- Born: 1956 (age 69–70)
- Occupation: Gallerist
- Parents: Adrian Flowers (father); Angela Flowers (mother);

= Matthew Flowers =

British contemporary art dealer

Matthew Flowers (born 1956) is a British contemporary art dealer based in London and New York. He is the managing director of Flowers Gallery. Throughout his career he has been on boards and committees of international art fairs and arts institutions and since 2008 he has been a non-executive Director of DACS (visual artists’ rights management organisation). Flowers is also a keyboard player and vocalist.

==Early life==
Matthew Flowers is the son of Angela Flowers (art dealer) and Adrian Flowers (photographer). He has two brothers and two sisters.

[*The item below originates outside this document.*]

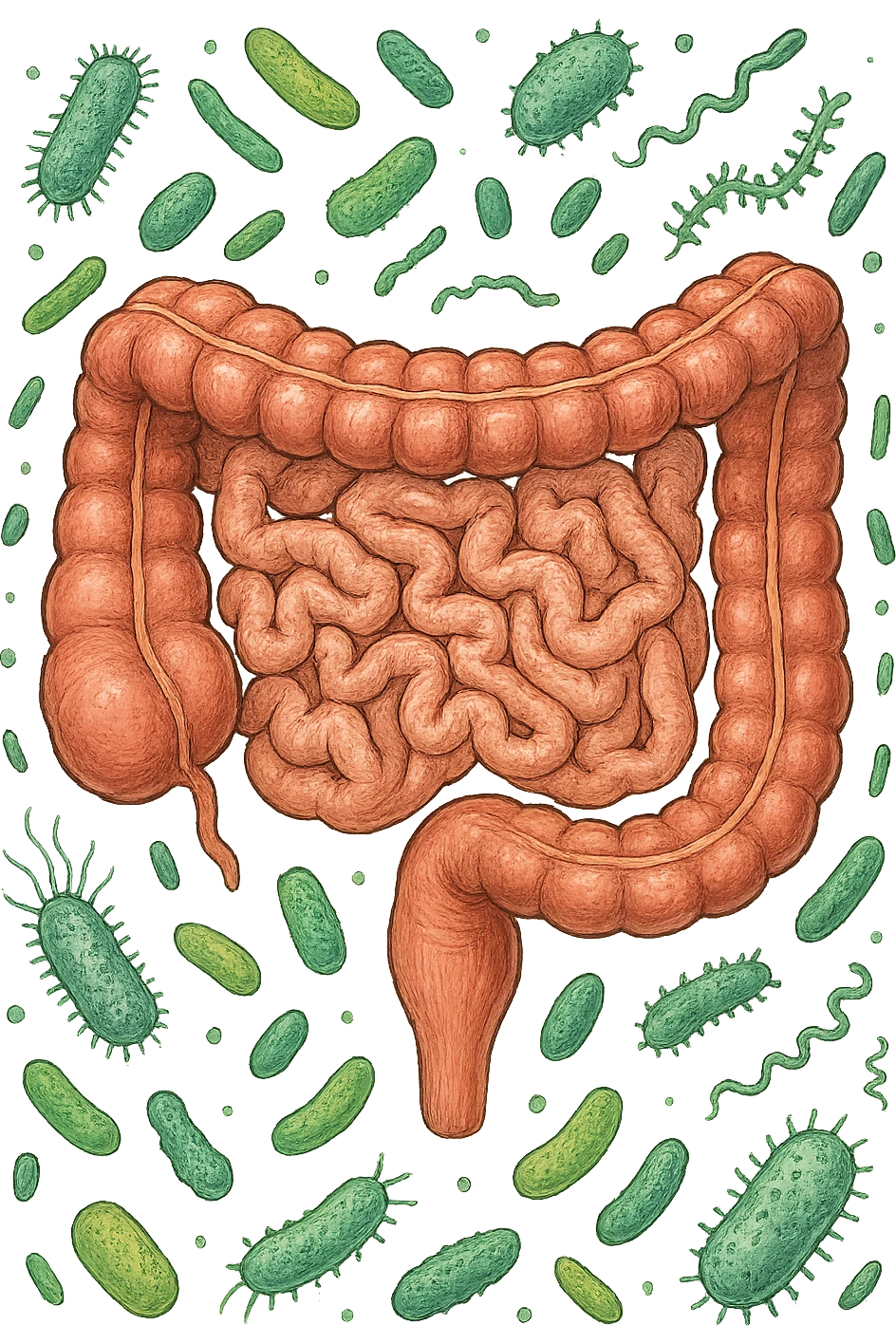 intestino umano anatomico con qualche batterio intestinale che gli fluttua intorno, ISOLATO SU SFONDO BIANCO emoji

== Music career (1974-1983) ==
Flowers was the keyboard player, co-songwriter and manager of the rock band Sore Throat. Sore Throat made several records and appeared on Revolver presented by Peter Cook in 1978 and The Old Grey Whistle Test in 1980. He also played in Killer Whales, Mattandan and Blue Zoo. Blue Zoo's song, "Cry Boy Cry" was a UK top 20 hit in 1982, and led to two appearances on Top of the Pops.

==Career in art==
Flowers started working at Angela Flowers Gallery at weekends in 1970. He then assisted his mother Angela Flowers (founder of the Gallery) from 1975 to 1978 and became gallery manager in 1983. The Gallery expanded in 1988 when opening Flowers East in Hackney. Matthew Flowers set up Flowers Graphics (International print publishers) in 1988 and became Managing Director of Angela Flowers Gallery in 1989. In 1991 Flowers Gallery expanded further with an 18,000 sq feet space called London Fields. In 1997 the Gallery opened Flowers West in Santa Monica (California, USA) and Flowers Central on Cork Street (London, UK). Matthew set up a publishing company focusing on artist monographs and survey exhibitions in 1995. From 2005 to 2007 he published State of Art newspaper with editor Mike von Joel.

His gallery has represented artists, including Eduardo Paolozzi, Stephen Chambers, Tom Phillips, Ken Currie, Nicola Hicks, Peter Howson, John Keane, Patrick Hughes, Alison Watt, Lucy Jones and Richard Smith.

In addition to representing contemporary artists Flowers has overseen many group and survey exhibitions such as Artist of the Day, a platform for emerging artists since 1983, Small is Beautiful, British Abstract Art, British Figurative Art, Contemporary Portraits, Badge Art, and The Thatcher Years: an Artistic Retrospective.